# What is required
Excerpt from the entries below: please repeat exactly the lines from the one containing "I Shall Seal" through the last one, both ends included, with no pictures.

# Brief descriptive captions

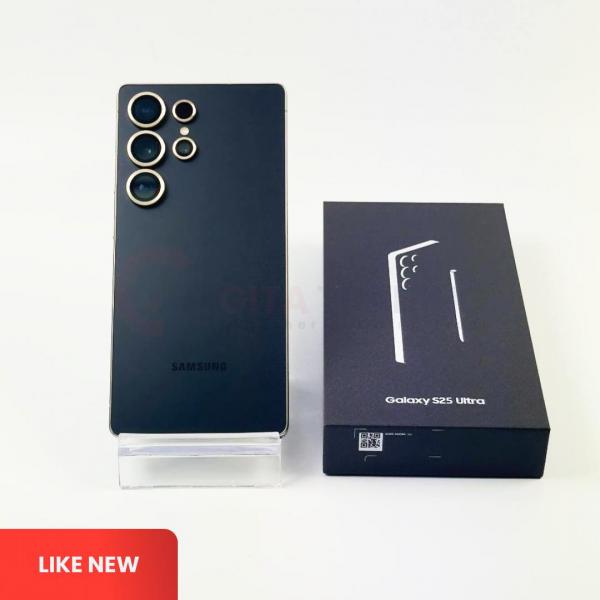 SAMSUNG Galaxy S25 Ultra 5G Titanium Black  - Sim Free | ROM: 512GB| RAM: 12GB | IMEI: 35691838294798 | LIKE NEW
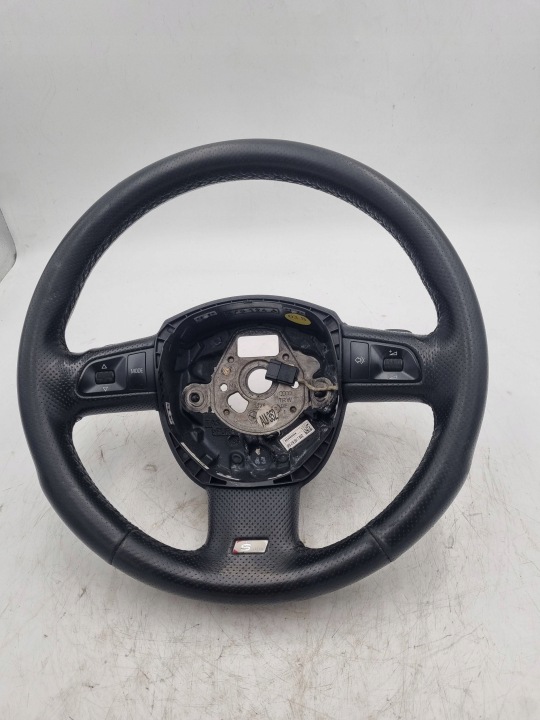 lenkrad Skorzana Multifunkcja Audi A4 B7 A6 C6 S-Line 4F0419091T
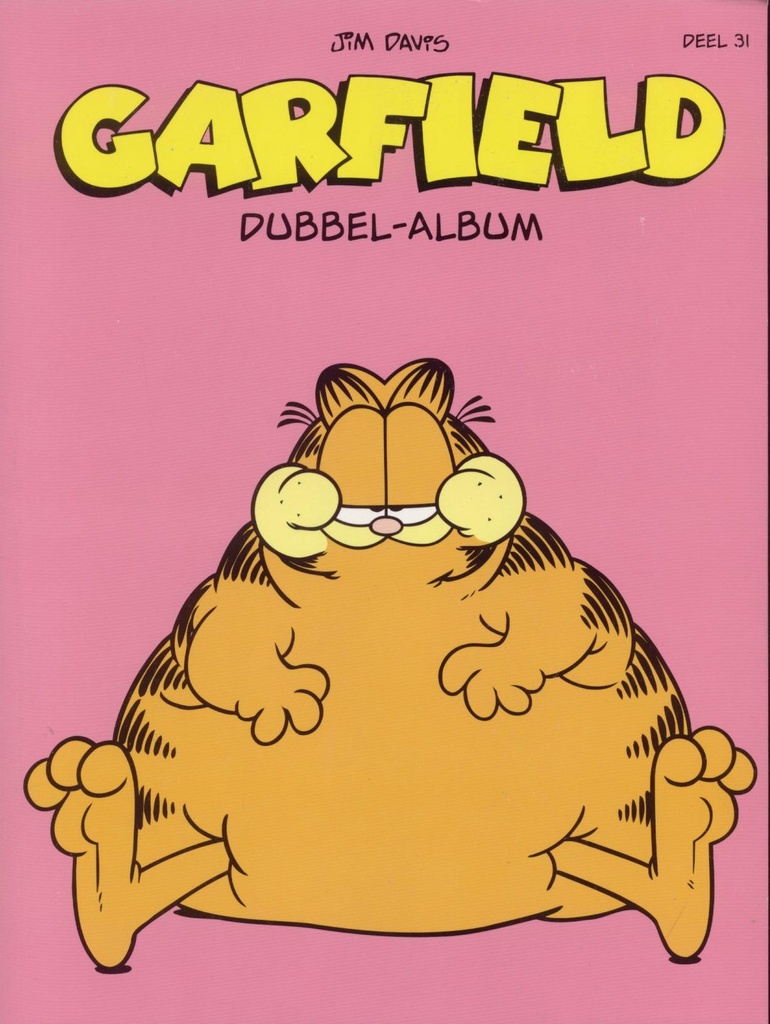 Garfield Strip Dubbel-Album 31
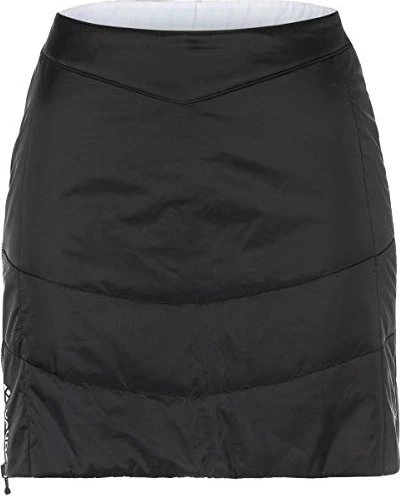 Vaude Sesvenna Reversible Rock kurz schwarz/weiß (Damen)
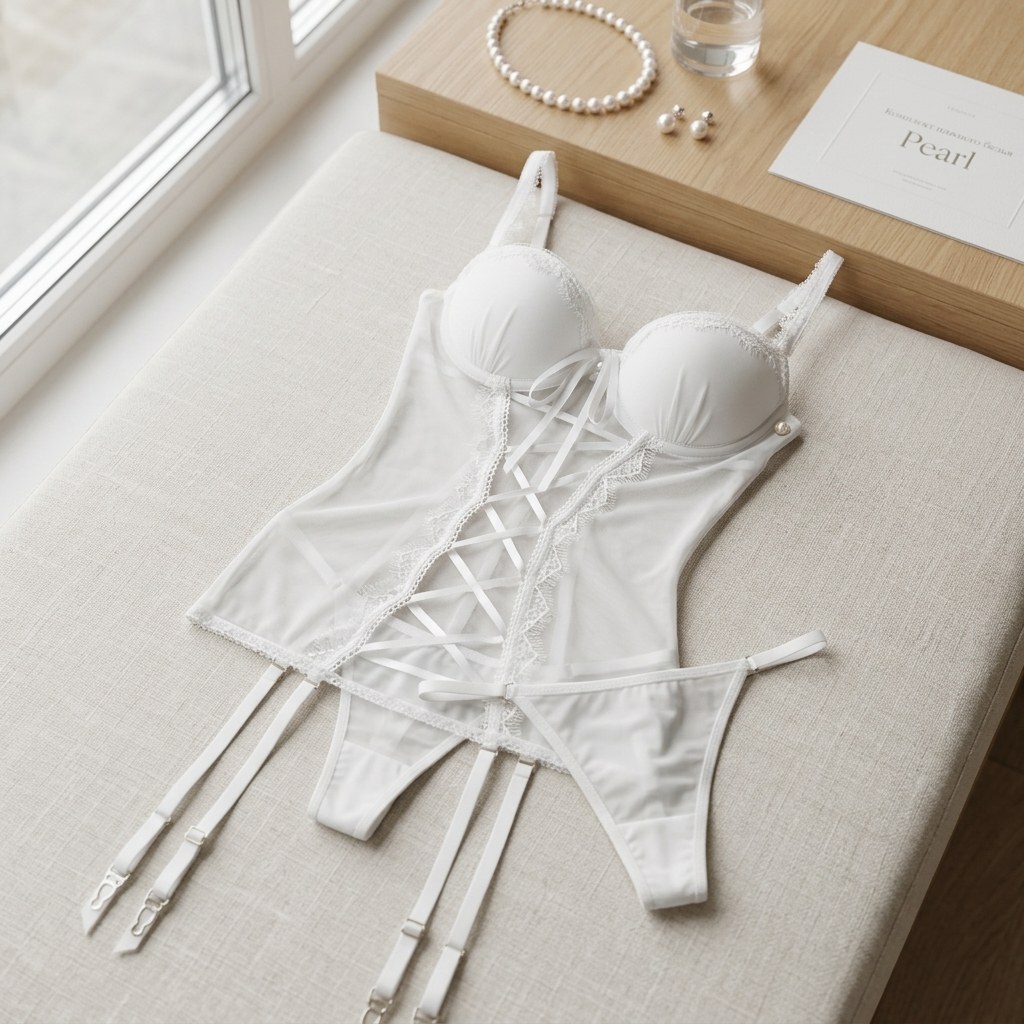 Pearl Lingerie Set — Women's underwear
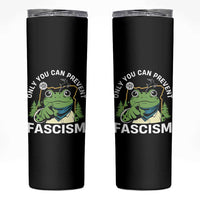 Only You Can Prevent Fascism Portland Frog Skinny Tumbler Resist Protest Scenic Edition - Wonder Print Shop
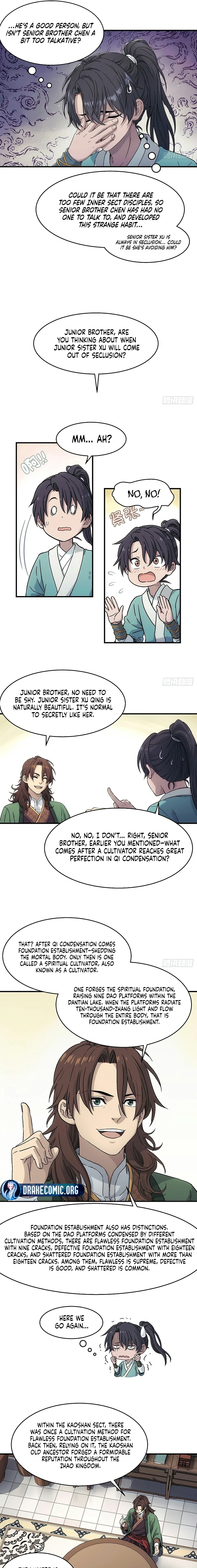 I Shall Seal the Heavens Chapter 23 page 5 - 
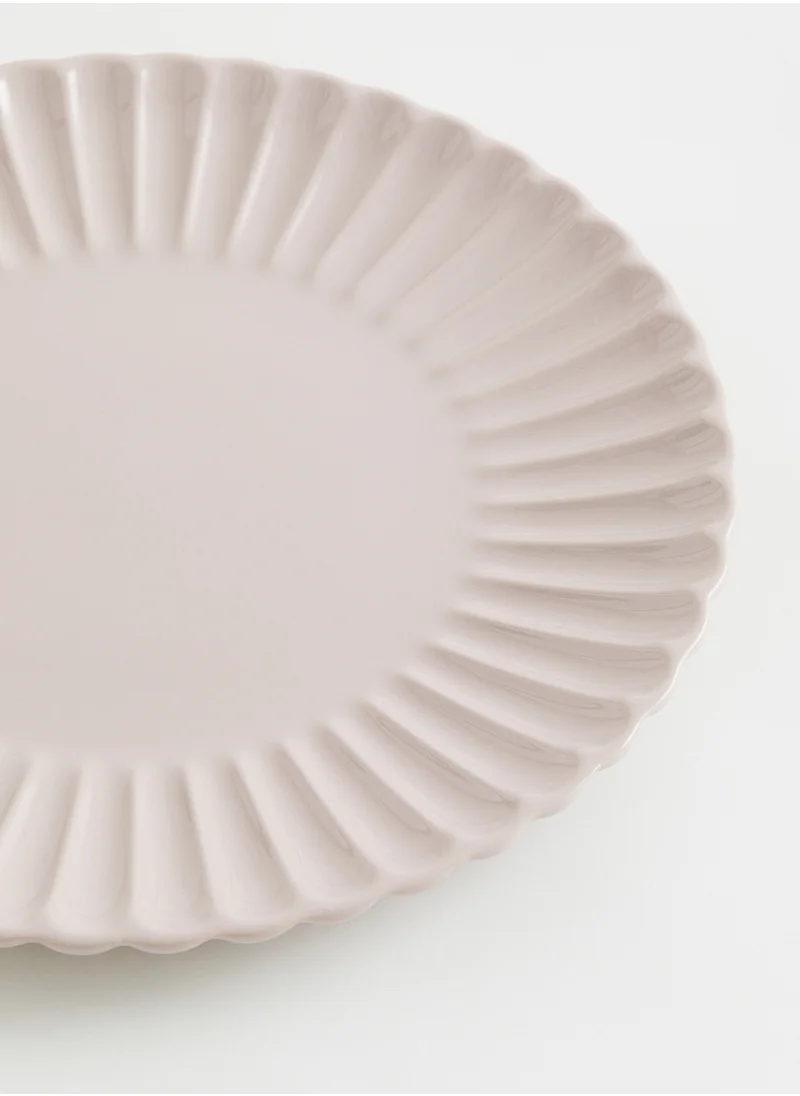 اتش اند ام Stoneware Plate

# Expected answer
 I Shall Seal the Heavens Chapter 23 page 5 - 
 اتش اند ام Stoneware Plate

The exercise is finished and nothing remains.